--- START ---

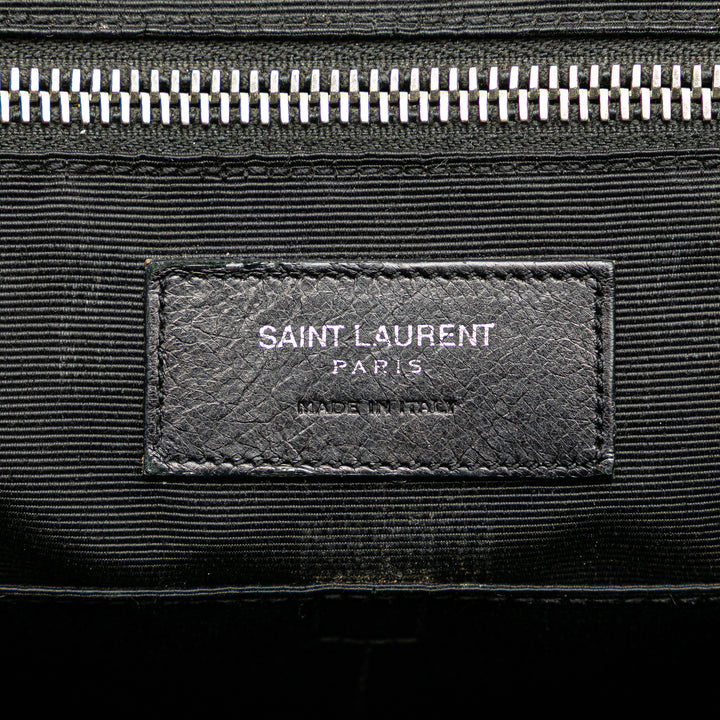 Saint Laurent Medium Grain De Poudre Museum Porte-documents Noir – GABY PARIS Authentique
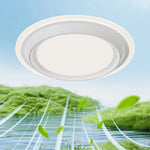 plafonnier led moderne blanc ventilateur télécommande dimmable sans feuilles lumieux 8+lumière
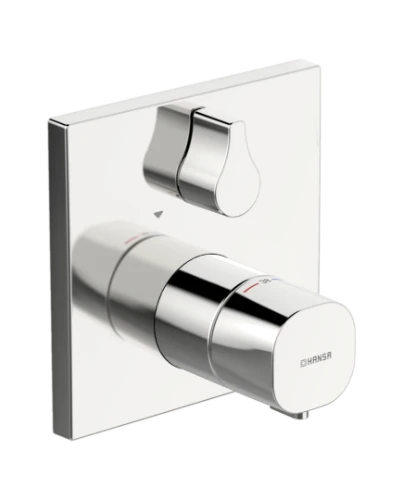 Hansa Hansaliving set de finition pour mitigeur thermostatique avec inverseur - chromé - carré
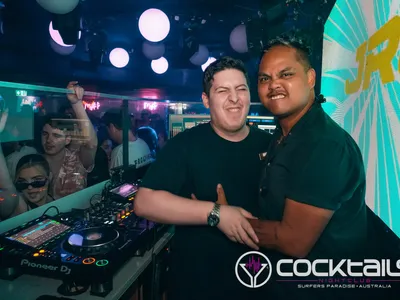 A professional photo of guests enjoying themselves at Cocktails Nightclub from our gallery.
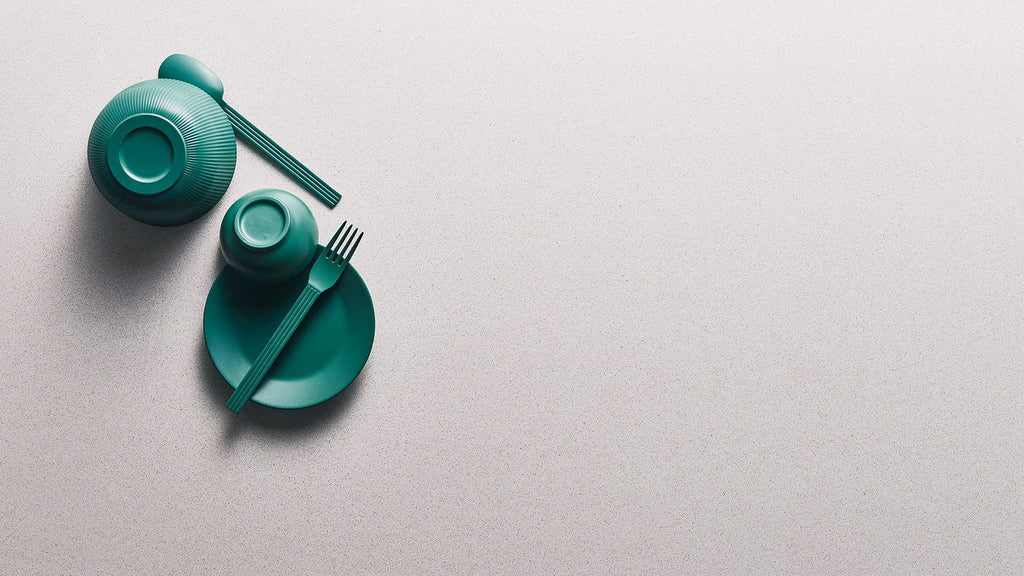 3142 White Shimmer Quartz Countertop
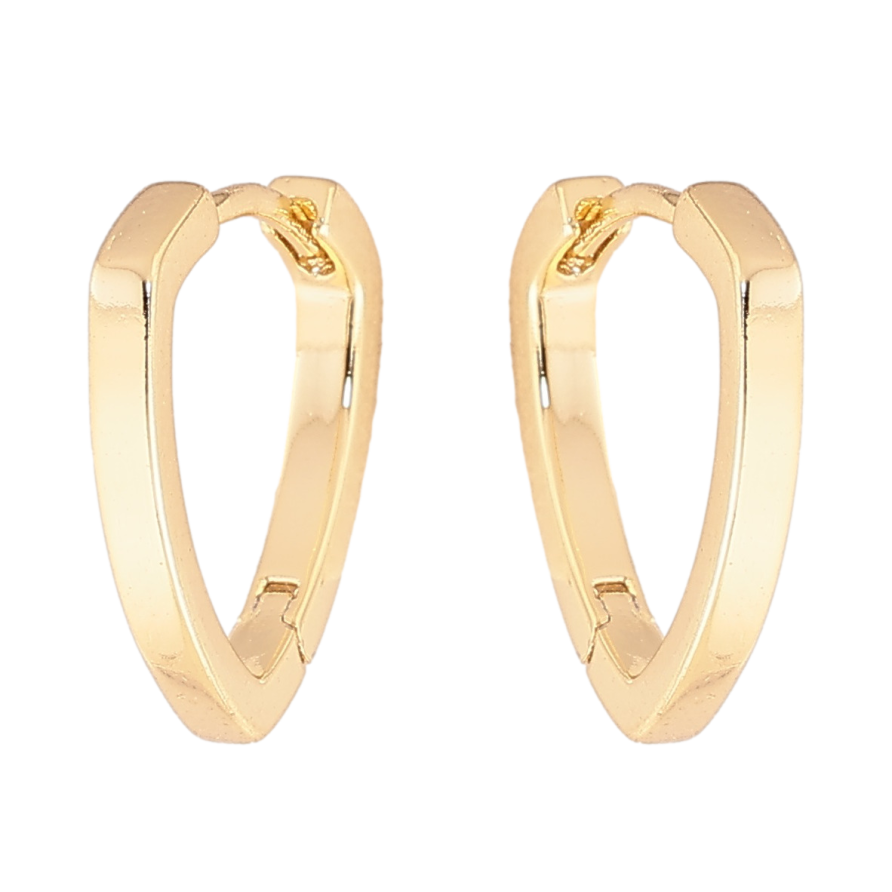 Сережки Xuping колір Позолота 14K колечка Декоративні фото №1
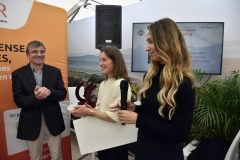 Salon Sitevi au Parc des expositions de Montpellier.Stand GFA-NGPARemise des prix Les Vignes d'Or 2023Prix Innovation Packaging-Marketing : Chateau Guilhem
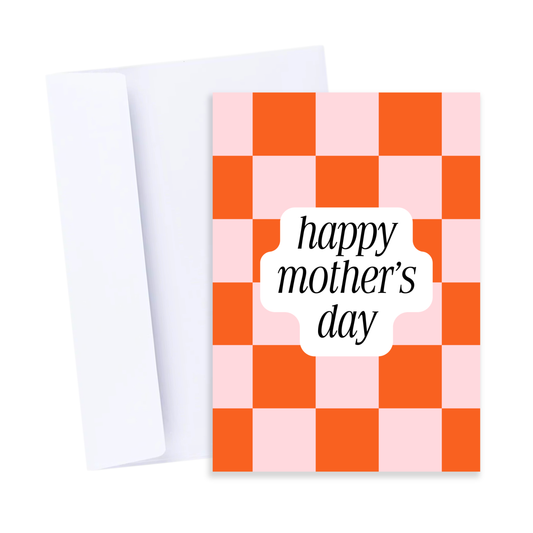 Happy Mother's Day Checkers Card - Modern Mother's Day Card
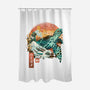 Kame Landscape-none polyester shower curtain-dandingeroz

--- END ---

→ **WHAT THE TASK ASKS**: Leaving every picture aside, transcribe exactly the lines from the one that contains "Сережки Xuping колір" through the final line of the listing above, inclusive.

→ **RESULT OF THE EXERCISE**:
 Сережки Xuping колір Позолота 14K колечка Декоративні фото №1
 Salon Sitevi au Parc des expositions de Montpellier.Stand GFA-NGPARemise des prix Les Vignes d'Or 2023Prix Innovation Packaging-Marketing : Chateau Guilhem
 Happy Mother's Day Checkers Card - Modern Mother's Day Card
 Kame Landscape-none polyester shower curtain-dandingeroz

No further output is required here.